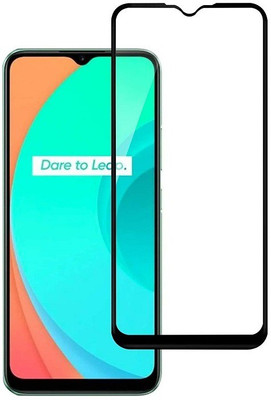 Bodoma Edge To Edge Tempered Glass for Realme C20(Pack of 1)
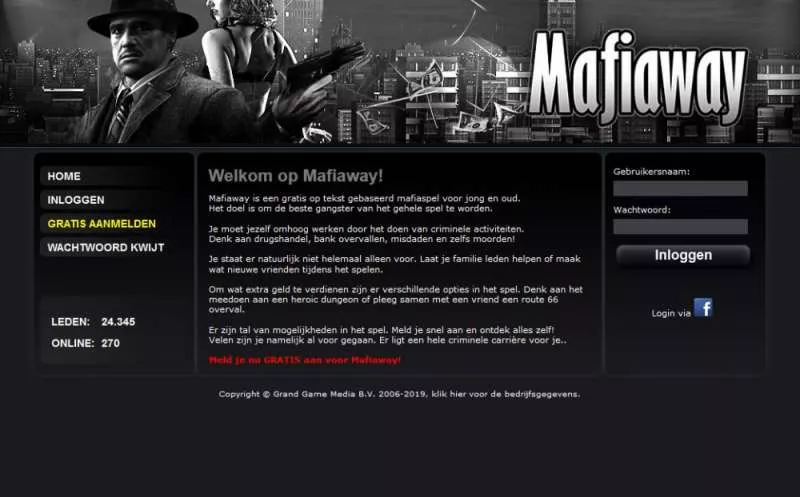 Mafia 1930 online game - Mafiaway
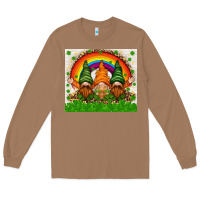 Toasted Coconut St. Patrick's Day gnomies tumbler Long Sleeve Tee - HowdyJamesFarm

Assigned task: Each line of the listing above should be retyped exactly, with no pictures.

Your response:
 Bodoma Edge To Edge Tempered Glass for Realme C20(Pack of 1)
 Mafia 1930 online game - Mafiaway
 Toasted Coconut St. Patrick's Day gnomies tumbler Long Sleeve Tee - HowdyJamesFarm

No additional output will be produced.